Lines to return, exactly: from the line with "Tổng thống Israel" to the line with "Rs2000 ഉണ്ടോ എങ്കിൽ" in the entries below, both included.

Records for this exercise
^^^^^^^^
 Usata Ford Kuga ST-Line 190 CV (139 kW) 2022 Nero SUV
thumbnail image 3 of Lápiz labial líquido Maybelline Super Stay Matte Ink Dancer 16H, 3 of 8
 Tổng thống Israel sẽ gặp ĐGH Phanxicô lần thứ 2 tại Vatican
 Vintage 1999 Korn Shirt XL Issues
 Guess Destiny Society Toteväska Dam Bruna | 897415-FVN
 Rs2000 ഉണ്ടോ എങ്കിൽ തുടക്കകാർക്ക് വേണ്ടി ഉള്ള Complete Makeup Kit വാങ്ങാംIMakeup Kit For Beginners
^^^^^^^^
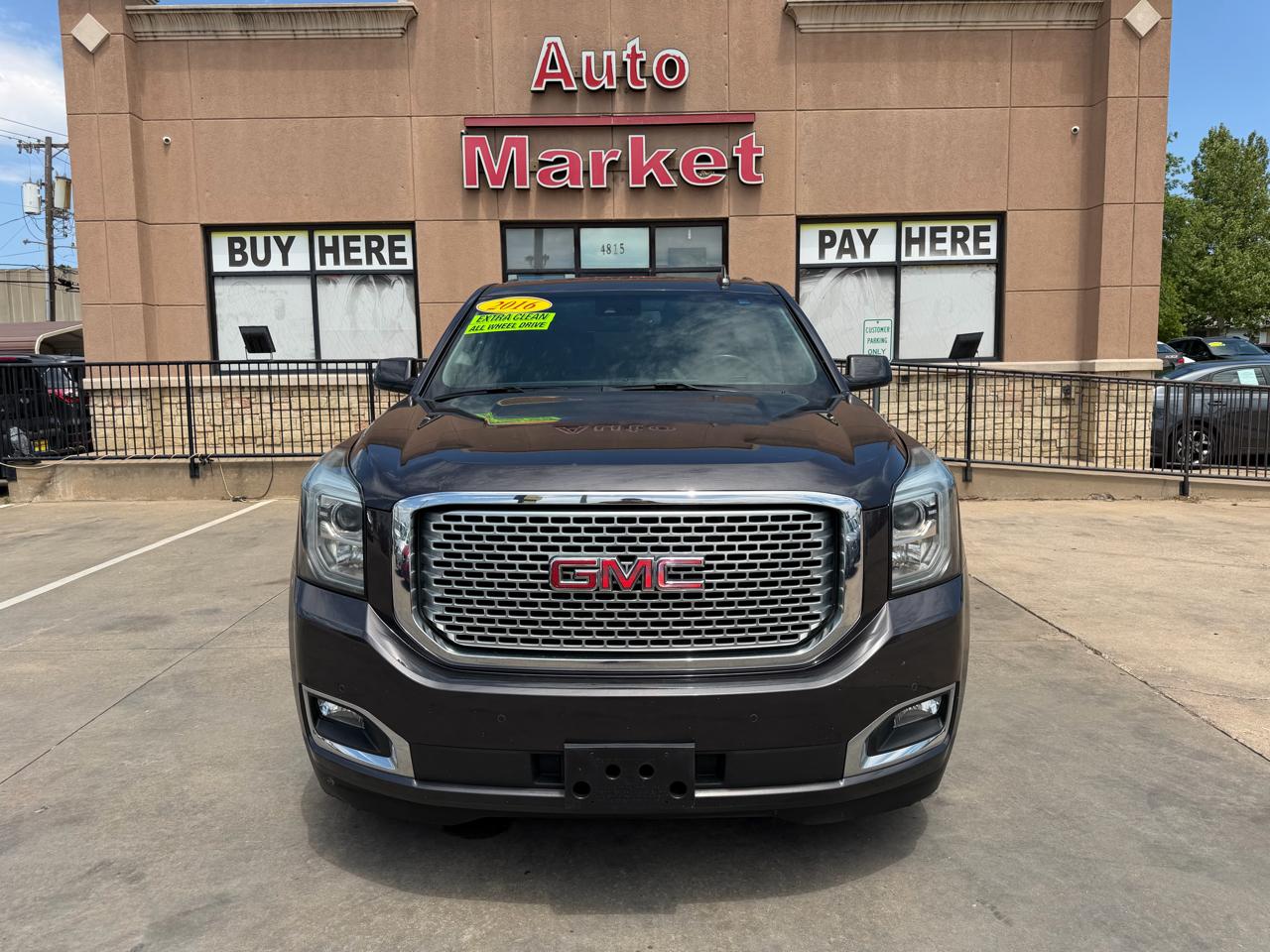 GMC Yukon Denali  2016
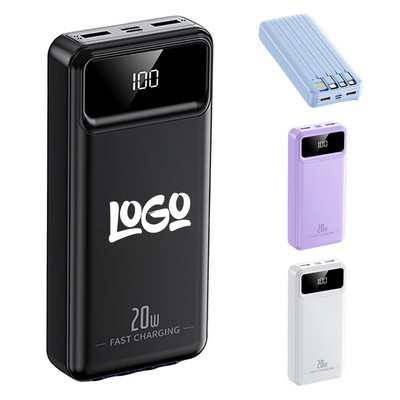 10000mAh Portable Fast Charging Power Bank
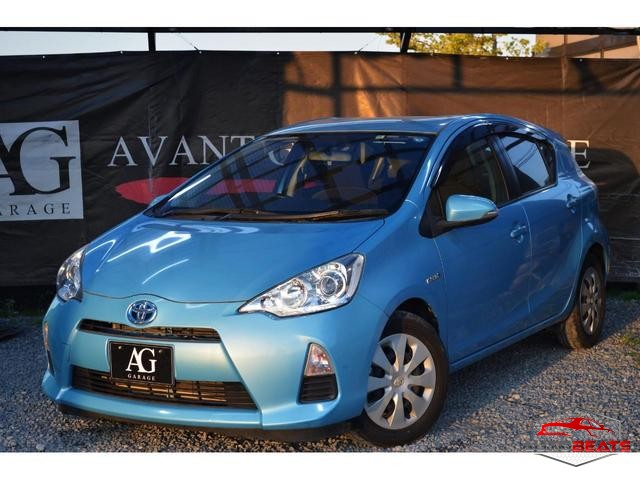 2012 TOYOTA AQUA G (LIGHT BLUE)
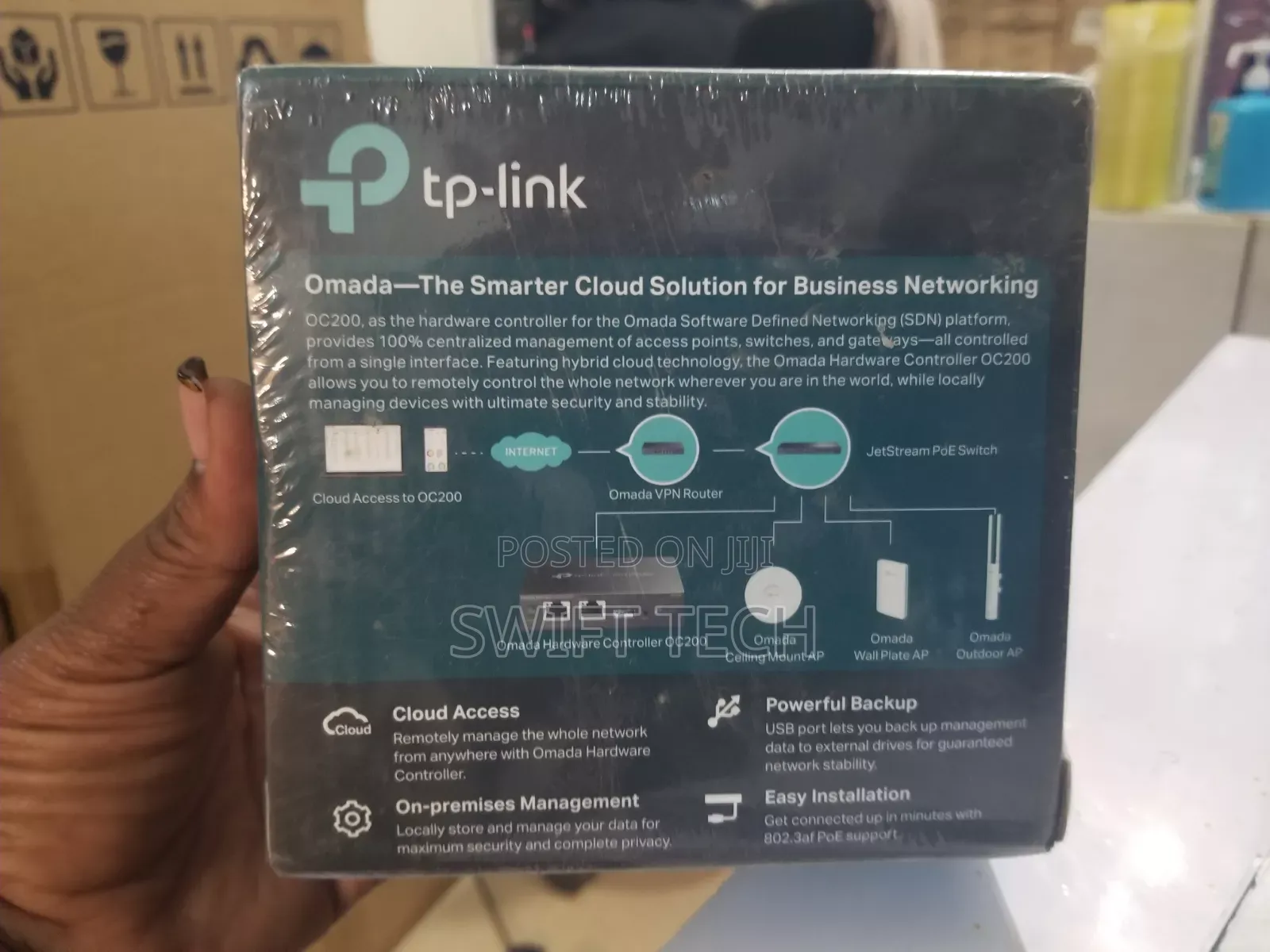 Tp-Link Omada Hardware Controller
^^^^^^^^
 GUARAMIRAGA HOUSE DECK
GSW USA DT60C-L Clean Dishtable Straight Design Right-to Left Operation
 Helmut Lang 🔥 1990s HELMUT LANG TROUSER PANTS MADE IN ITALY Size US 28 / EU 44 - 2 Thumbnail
^^^^^^^^
Output of the exercise
 Tổng thống Israel sẽ gặp ĐGH Phanxicô lần thứ 2 tại Vatican
 Vintage 1999 Korn Shirt XL Issues
 Guess Destiny Society Toteväska Dam Bruna | 897415-FVN
 Rs2000 ഉണ്ടോ എങ്കിൽ തുടക്കകാർക്ക് വേണ്ടി ഉള്ള Complete Makeup Kit വാങ്ങാംIMakeup Kit For Beginners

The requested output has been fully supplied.